■ **What to work on**
Please repeat, exactly as written, every line from the one containing "A black and" through the last line of the records, both included, and leave out any pictures.

____

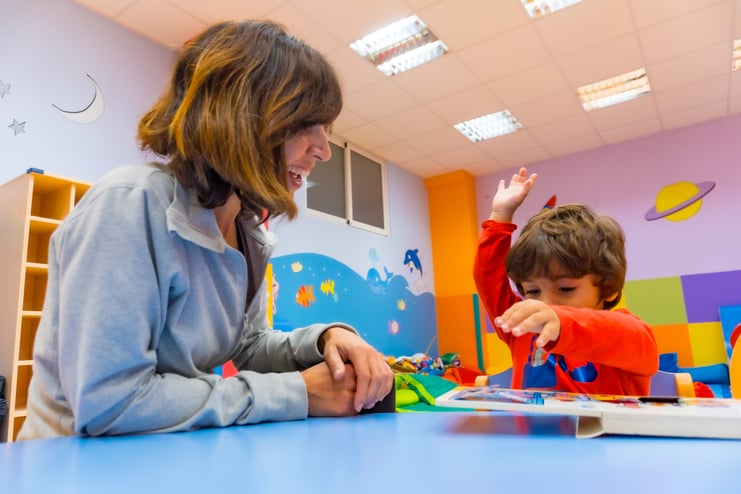 portrait-female-teacher-with-child-sitting-reading-story-book-indoor-kindergarten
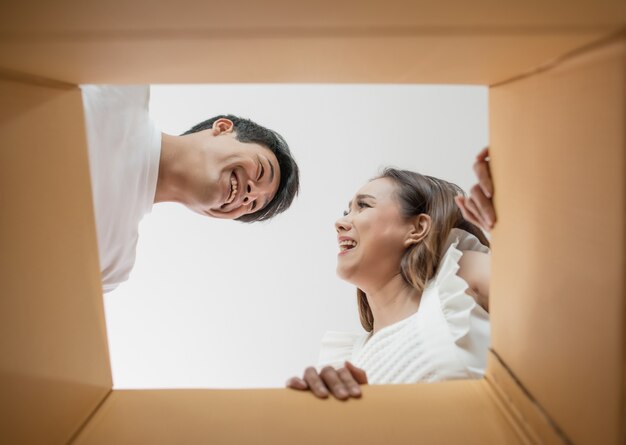 Pareja feliz abriendo una caja y mirando dentro al producto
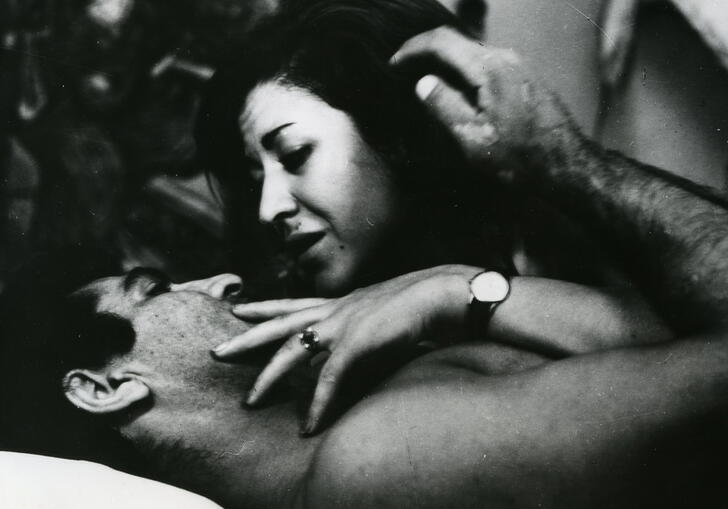 A black and white still from Brick and Mirror, showing a man and woman embracing in bed 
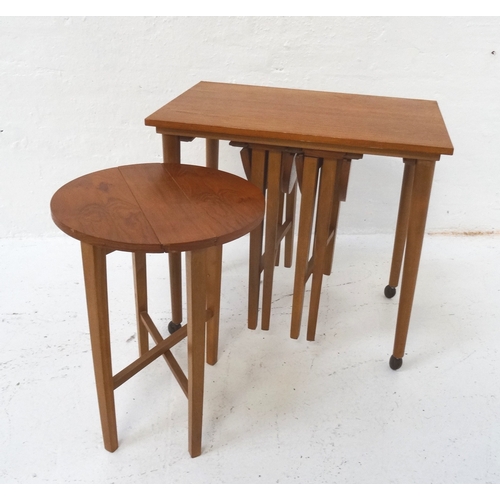 524 - NEST OF TEAK OCCASIONAL TABLES
with a rectangular top standing on tapering supports with castors, wi... 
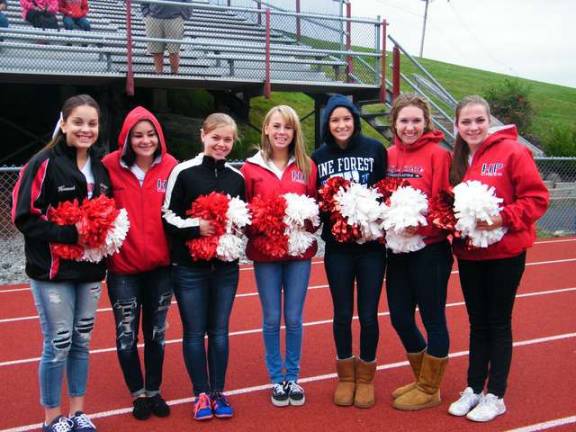 High Point cheerleading squad, coached this year by Guidance Counselor Maggie Meyer, preparing to cheer on their fellow students.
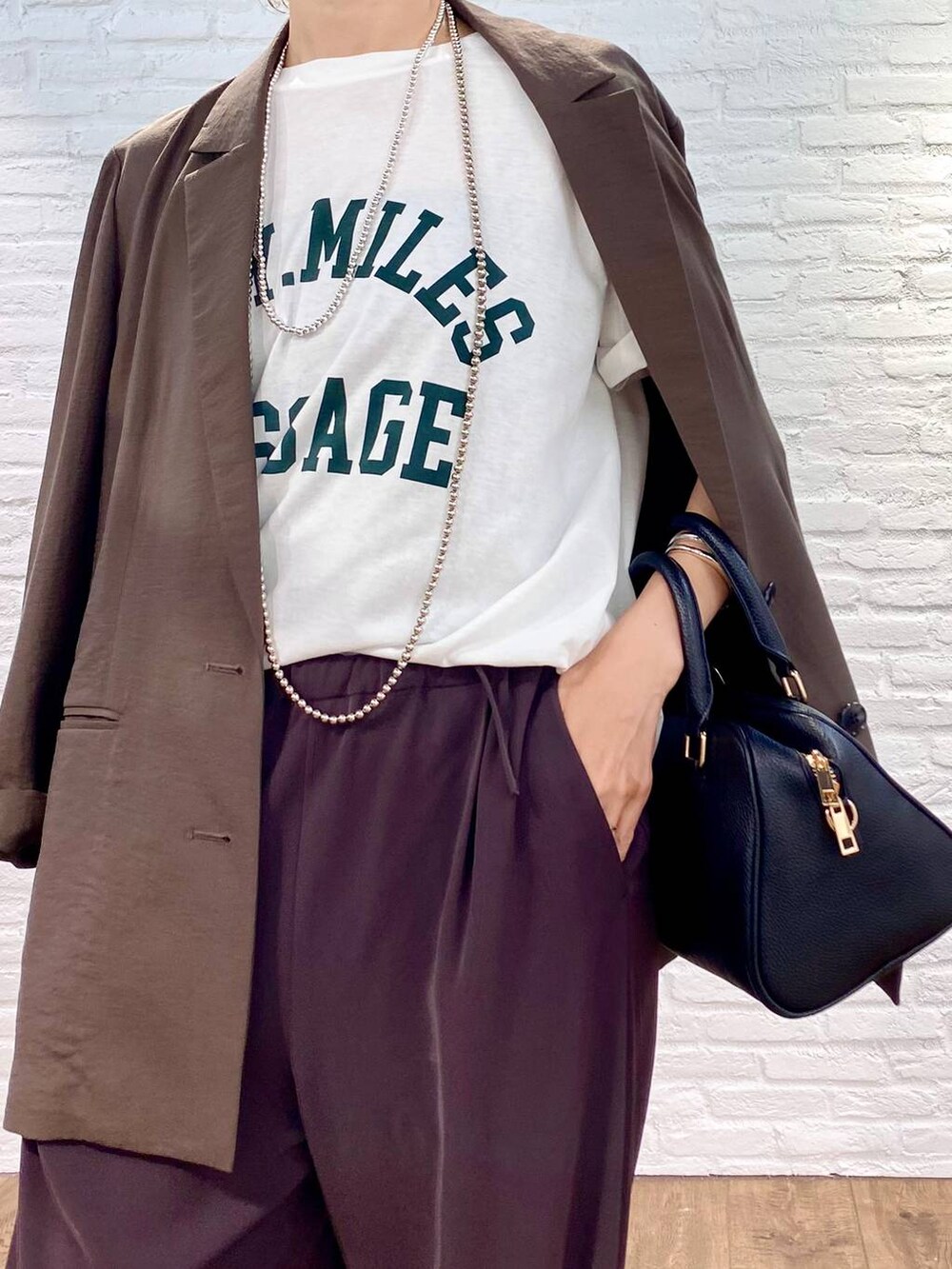 ブラック系のボストンバッグ、ブラウン系のスラックス、ホワイト系のTシャツ/カットソーを着用したレディースの夏コーディネートの5枚目の写真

____

■ **Your response**
 A black and white still from Brick and Mirror, showing a man and woman embracing in bed 
 524 - NEST OF TEAK OCCASIONAL TABLES
with a rectangular top standing on tapering supports with castors, wi... 
 High Point cheerleading squad, coached this year by Guidance Counselor Maggie Meyer, preparing to cheer on their fellow students.
 ブラック系のボストンバッグ、ブラウン系のスラックス、ホワイト系のTシャツ/カットソーを着用したレディースの夏コーディネートの5枚目の写真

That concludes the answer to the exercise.